On a recent Saturday, Zubair Ahmadi warmly greets a local dealer who has stopped by the shop, now called Amadi Gallery, to see a shipment of new arrivals. Speaking in Dari, a common language of Afghanistan, Zubair offers the traditional cup of tea. He is building a loom for the storefront and shows the dealer skeins of the soft, hand-spun yarn the brothers use in their carpets. When fully assembled, and with the weaving of a rug in progress, visitors will be able to see the exact process of making a knotted pile rug. “We are not just dealers. We are weavers,” Zubair says. “We were born in this business. As soon as we were old enough to hold a tool, we learned to weave.” Today the brothers’ eight siblings, including Murtaza and Wahid, help in the family enterprise.
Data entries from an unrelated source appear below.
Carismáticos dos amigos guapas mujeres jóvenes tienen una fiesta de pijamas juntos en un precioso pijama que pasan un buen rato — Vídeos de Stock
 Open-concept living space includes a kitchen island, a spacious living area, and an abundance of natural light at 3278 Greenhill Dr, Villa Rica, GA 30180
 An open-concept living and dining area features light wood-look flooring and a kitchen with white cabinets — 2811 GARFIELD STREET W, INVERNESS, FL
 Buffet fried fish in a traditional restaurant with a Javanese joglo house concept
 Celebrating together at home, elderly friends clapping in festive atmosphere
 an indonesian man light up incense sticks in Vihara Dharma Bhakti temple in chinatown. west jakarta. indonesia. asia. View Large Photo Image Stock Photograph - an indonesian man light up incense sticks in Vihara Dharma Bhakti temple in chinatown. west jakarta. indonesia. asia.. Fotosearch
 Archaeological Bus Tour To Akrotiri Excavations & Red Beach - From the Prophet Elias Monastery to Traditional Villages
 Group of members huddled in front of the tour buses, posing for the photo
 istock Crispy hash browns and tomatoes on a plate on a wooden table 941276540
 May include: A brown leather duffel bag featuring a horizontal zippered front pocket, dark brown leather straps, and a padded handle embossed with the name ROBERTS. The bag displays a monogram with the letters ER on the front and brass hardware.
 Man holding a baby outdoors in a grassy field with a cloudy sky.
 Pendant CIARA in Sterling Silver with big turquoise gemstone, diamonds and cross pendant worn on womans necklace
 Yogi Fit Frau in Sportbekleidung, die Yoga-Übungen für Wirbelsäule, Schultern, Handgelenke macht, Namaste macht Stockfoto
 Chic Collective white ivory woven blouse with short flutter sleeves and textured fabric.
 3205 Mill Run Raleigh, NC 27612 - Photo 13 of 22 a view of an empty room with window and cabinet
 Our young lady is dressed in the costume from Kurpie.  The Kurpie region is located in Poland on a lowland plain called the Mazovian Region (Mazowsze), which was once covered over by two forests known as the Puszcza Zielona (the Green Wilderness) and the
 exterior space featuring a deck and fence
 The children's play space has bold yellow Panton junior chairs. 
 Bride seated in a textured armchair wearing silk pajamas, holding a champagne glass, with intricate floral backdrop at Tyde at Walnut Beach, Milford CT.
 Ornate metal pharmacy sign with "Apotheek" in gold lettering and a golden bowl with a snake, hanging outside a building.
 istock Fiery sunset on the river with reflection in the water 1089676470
With dreams of a stable Afghanistan, the Ahmadi brothers are finally in the process of moving their production back home-to Kabul. When the move is complete, their plan is to close the Pakistan operation. Even though they have spent more of their lives in America and consider Los Angeles their home, “Afghanistan is our soil,” says Zubair. “We would rather spend our money in Afghanistan than Pakistan. Imagine if all the business people who left Afghanistan started doing business there again. We could make a difference.” In the meantime, the Ahmadi brothers will continue to face the challenges of entrepreneurship. In the rug community, day-to-day gentility prevails despite the tension of competition. Dealers will frequently visit one another, often without notice. An owner may greet a rival at the back door with offers of tea sweetened with sugar cubes-but that’s where the sweetness ends. “One dealer here in Los Angeles offered to buy everything we produce,” says Zabi. He flashes a quick smile. “He even wanted us to ship the rugs to his place directly.” The Ahmadis declined the offer.